**** Exercise data

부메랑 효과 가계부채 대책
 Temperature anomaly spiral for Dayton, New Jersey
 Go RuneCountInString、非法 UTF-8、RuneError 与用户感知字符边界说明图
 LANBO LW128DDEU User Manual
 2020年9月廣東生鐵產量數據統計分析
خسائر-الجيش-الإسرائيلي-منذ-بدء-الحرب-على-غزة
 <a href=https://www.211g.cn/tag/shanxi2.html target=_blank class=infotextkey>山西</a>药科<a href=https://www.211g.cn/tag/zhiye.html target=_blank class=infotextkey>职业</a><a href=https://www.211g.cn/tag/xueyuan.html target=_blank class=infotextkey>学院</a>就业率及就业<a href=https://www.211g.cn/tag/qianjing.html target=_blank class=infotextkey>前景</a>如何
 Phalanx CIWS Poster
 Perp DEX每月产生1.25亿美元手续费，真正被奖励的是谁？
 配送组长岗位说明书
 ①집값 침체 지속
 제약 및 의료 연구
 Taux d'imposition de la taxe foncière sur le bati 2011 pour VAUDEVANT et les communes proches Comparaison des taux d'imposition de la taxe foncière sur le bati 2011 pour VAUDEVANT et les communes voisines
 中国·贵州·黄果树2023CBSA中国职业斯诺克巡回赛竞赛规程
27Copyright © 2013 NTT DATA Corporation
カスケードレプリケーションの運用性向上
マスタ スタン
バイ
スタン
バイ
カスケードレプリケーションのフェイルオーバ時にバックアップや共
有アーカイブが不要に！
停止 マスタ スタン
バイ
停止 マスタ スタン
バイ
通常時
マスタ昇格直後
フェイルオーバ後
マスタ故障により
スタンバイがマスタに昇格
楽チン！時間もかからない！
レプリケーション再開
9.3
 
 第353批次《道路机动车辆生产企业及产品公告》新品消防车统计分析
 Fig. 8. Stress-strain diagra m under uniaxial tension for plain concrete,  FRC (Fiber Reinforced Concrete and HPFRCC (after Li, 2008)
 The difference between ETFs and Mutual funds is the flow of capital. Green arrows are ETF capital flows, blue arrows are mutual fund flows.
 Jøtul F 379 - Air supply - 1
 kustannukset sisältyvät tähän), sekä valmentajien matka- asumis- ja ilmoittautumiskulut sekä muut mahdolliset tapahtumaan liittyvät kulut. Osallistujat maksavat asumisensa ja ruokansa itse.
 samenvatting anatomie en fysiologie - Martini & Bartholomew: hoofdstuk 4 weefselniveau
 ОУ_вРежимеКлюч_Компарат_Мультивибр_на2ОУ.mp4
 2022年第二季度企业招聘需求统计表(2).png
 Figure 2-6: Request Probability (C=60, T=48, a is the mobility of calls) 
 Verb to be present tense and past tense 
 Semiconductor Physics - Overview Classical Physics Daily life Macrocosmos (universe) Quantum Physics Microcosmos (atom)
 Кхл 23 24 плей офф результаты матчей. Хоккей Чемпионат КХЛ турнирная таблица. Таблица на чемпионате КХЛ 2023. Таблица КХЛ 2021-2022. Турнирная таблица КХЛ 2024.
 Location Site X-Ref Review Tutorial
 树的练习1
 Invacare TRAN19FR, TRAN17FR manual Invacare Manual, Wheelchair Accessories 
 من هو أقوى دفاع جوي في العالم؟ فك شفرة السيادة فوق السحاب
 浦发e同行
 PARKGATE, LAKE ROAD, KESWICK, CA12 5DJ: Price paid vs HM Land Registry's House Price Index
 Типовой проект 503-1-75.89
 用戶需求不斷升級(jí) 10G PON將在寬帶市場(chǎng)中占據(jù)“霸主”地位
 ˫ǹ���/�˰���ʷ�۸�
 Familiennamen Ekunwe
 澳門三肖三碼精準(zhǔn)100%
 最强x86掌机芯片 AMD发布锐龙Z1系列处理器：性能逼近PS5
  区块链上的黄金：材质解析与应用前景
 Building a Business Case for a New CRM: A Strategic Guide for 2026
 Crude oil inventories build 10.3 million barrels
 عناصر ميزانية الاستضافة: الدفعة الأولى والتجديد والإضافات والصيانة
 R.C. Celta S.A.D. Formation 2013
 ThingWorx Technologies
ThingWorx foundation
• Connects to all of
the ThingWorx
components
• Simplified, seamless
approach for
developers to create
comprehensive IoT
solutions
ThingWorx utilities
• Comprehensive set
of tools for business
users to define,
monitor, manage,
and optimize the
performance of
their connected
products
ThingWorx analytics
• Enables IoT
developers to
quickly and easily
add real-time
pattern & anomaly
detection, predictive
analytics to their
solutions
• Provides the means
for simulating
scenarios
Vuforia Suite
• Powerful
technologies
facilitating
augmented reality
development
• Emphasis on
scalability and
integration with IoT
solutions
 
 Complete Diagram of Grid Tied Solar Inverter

********

| Instructions to follow |
Using the entries above, give again each line from the one containing "Vuforia Suite" through the last line, exactly and only those.

| Output |
Vuforia Suite
• Powerful
technologies
facilitating
augmented reality
development
• Emphasis on
scalability and
integration with IoT
solutions
 
 Complete Diagram of Grid Tied Solar Inverter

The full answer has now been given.